Aim of the task: Sort through the listing below and keep each line with the word "Black". Copy those.

Information:
------------------------------------------------
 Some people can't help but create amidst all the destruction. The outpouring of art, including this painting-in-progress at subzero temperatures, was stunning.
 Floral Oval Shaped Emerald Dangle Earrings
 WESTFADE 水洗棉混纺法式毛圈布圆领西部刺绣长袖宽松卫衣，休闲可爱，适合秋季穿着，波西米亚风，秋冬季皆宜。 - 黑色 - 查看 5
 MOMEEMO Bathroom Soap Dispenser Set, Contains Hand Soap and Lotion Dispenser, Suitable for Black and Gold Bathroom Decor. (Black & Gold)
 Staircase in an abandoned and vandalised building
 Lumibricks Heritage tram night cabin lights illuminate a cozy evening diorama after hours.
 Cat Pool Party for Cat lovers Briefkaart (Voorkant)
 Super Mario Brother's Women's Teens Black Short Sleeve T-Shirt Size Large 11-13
------------------------------------------------
Written answer:
 MOMEEMO Bathroom Soap Dispenser Set, Contains Hand Soap and Lotion Dispenser, Suitable for Black and Gold Bathroom Decor. (Black & Gold)
 Super Mario Brother's Women's Teens Black Short Sleeve T-Shirt Size Large 11-13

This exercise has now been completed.